Analysis of the nonleptonic two-body decays of the $\Lambda$ hyperon

TL;DR

This paper provides a comprehensive analysis of nonleptonic two-body decays of the lambda hyperon, highlighting the dominant role of pole diagrams and the suppression of W-exchange contributions, to match experimental data.

Contribution

It introduces a systematic approach combining short- and long-distance effects, including pole diagrams with baryon resonances, to accurately describe lambda hyperon decays.

Findings

Pole diagrams are crucial for matching experimental decay rates.

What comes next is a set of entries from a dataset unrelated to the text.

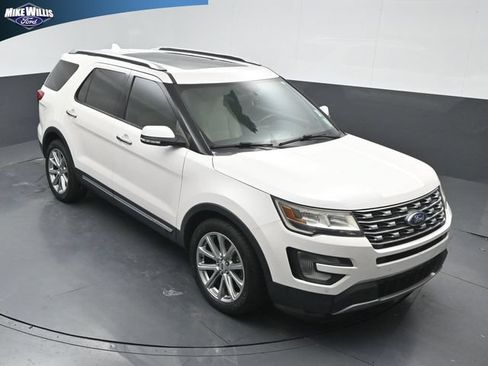 Used 2017 Ford Explorer Limited FWD image 9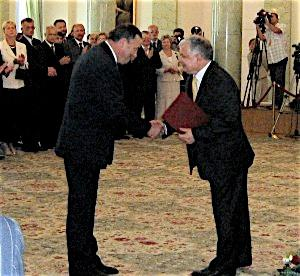 4.10.2006 W Pałacu Prezydenckim w Warszawie odbyło się kolejne wręczenie nominacji profesorskich, z naszego wydziału dyplomy z rąk Prezydenta Lecha Kaczyńskiego otrzymał prof. dr hab. Marek Marks. 05.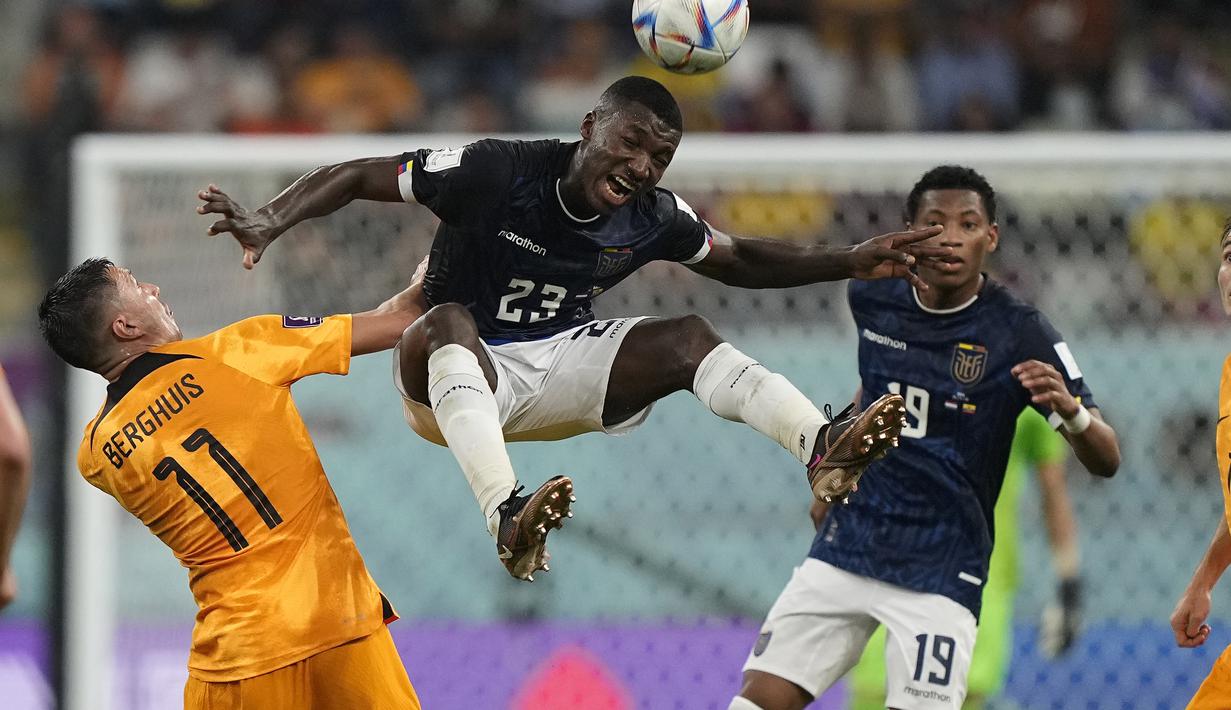 Gelandang Ekuaodr, Moises Caicedo menyundul bola saat bertanding melawan Belanda selama pertandingan grup A Piala Dunia 2022 Qatar di Stadion Internasional Khalifa di Doha, Qatar, Jumat (25/11/2022). Belanda bermain imbang dengan Ekuador dengan skor 1-1. (AP Photo/Martin Meissner)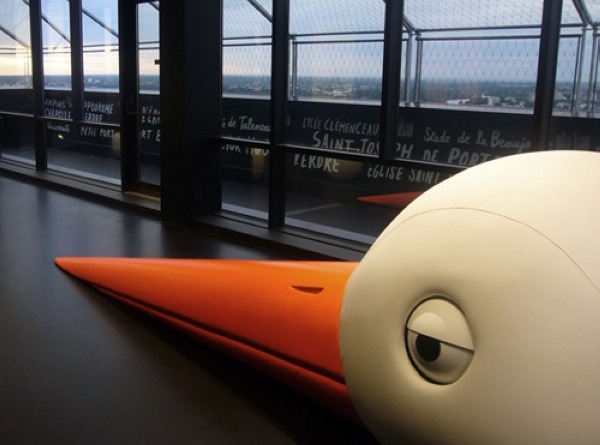 獨(dú)特鳥蛋座椅法國南特市鳥巢酒吧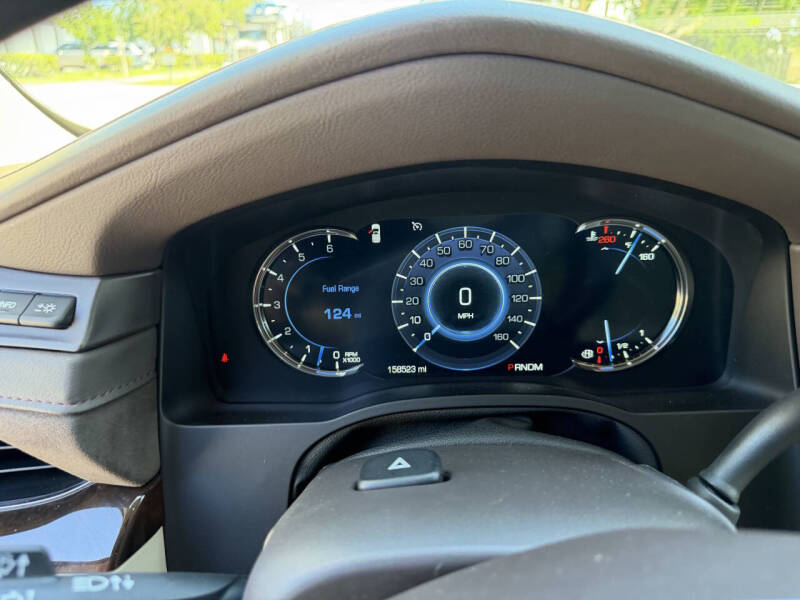 2016 Cadillac Escalade ESV Luxury Collection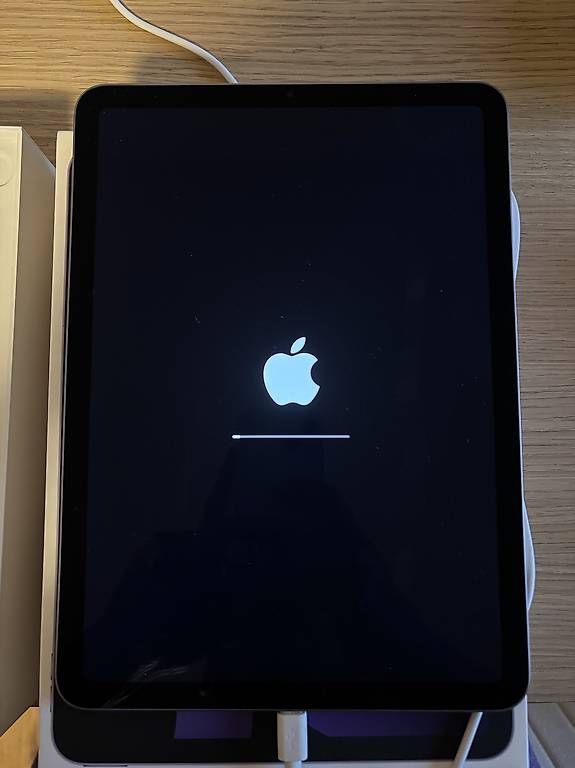 Tablet PC: iPad Air 5th gen 64 GB – Usato da Martigny venduto da ste_xq2y 2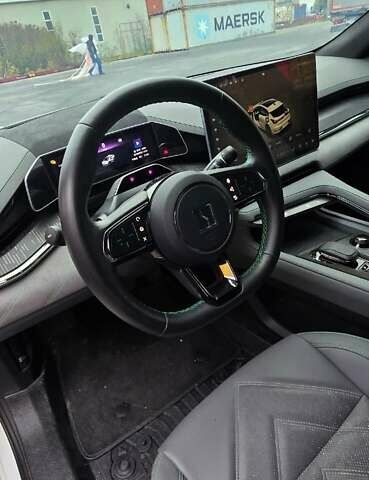 Белый Zeekr 001, объемом двигателя 0 л и пробегом 29 тыс. км за 40000 $, фото 5 на Automoto.ua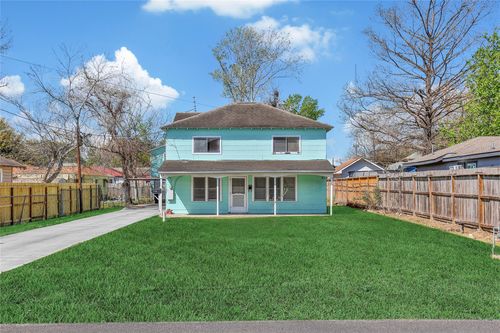 7115 Roswell St, Houston, TX, 77022-4956 | Card Image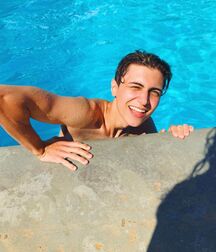 Bday Boy Lukas!!  60b4eb0850a20.jpg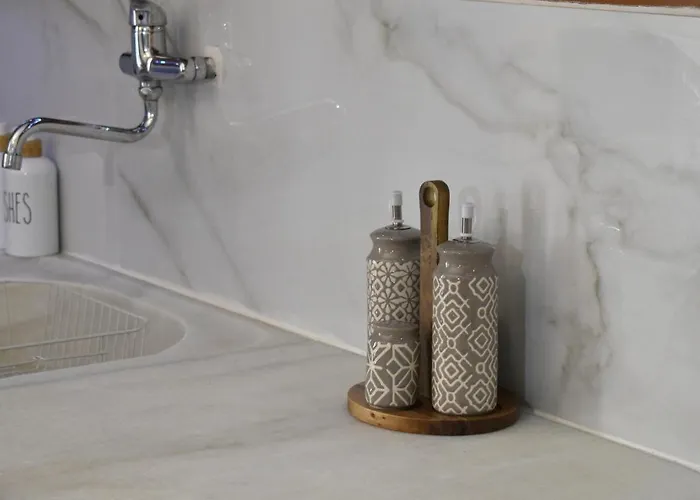 To Spitaki Dalamanara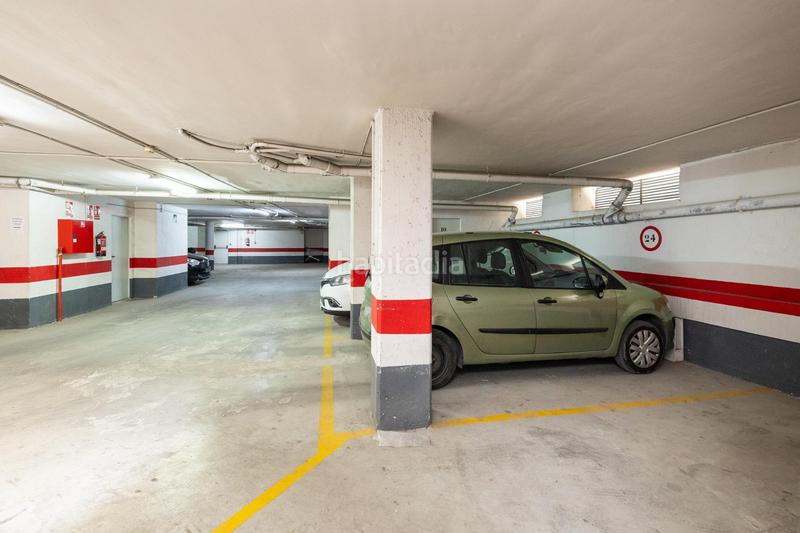 Foto 0f080ee7-936c-4161-b53b-6598cf86ac7b. Autoparkplatz in Barrio de Zaidín Granada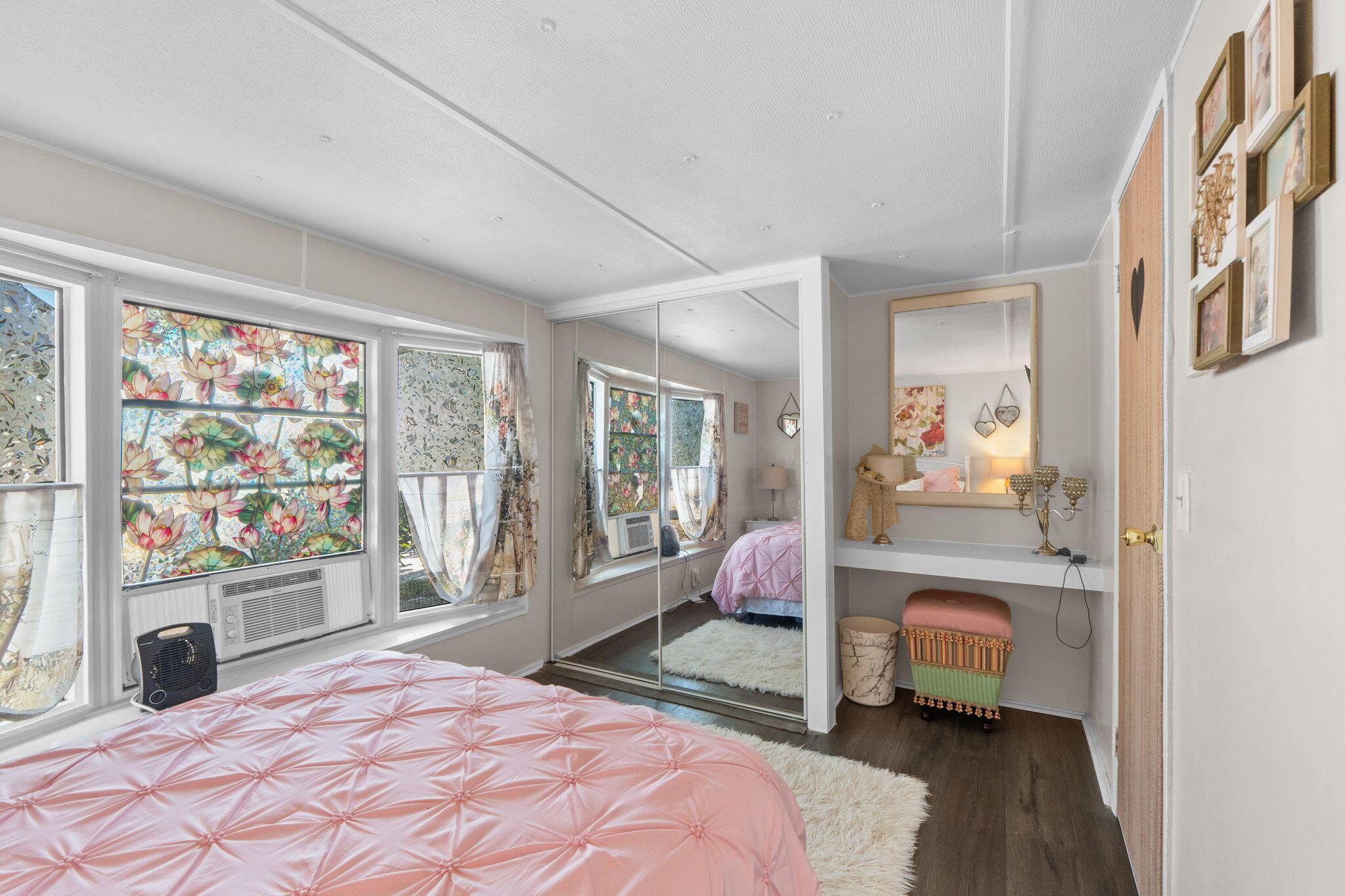 LAGUNA BEACH - Residential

External and internal W-exchange contributions are significantly suppressed.

Long-distance pole effects dominate the decay amplitudes.

Abstract

We systematically study two-body nonleptonic decays of light lambda hyperon $\Lambda \to p \pi^- (n\pi^0)$ with account for both short- and long-distance effects. The short-distance effects are induced by five topologies of external and internal weak $W^\pm$ exchange, while long-distance effects are saturated by an inclusion of the so-called pole diagrams with intermediate $\frac{1}{2}^+$ and $\frac{1}{2}^-$ baryon resonances. The contributions from $\frac12^+$ resonances are calculated straightforwardly by account for nucleon and $\Sigma$ baryons whereas the contributions from $\frac{1}{2}^-$ resonances are calculated by using the well-known soft-pion theorem in the current-algebra approach. It allows one to express the parity-violating $S$-wave amplitude in terms of parity-conserving matrix elements. From our previous analysis of heavy baryons we know that short-distance effects induced by internal topologies are not suppressed in comparison with external $W$-exchange diagram and must be included for description of data. Here, in the case of $\Lambda$ decays we found that the contribution of external and internal $W$-exchange diagrams is sizably suppressed, e.g., by one order of magnitude in comparison with data, which are known with quite good accuracy. Pole diagrams play the major role to get consistency with experiment.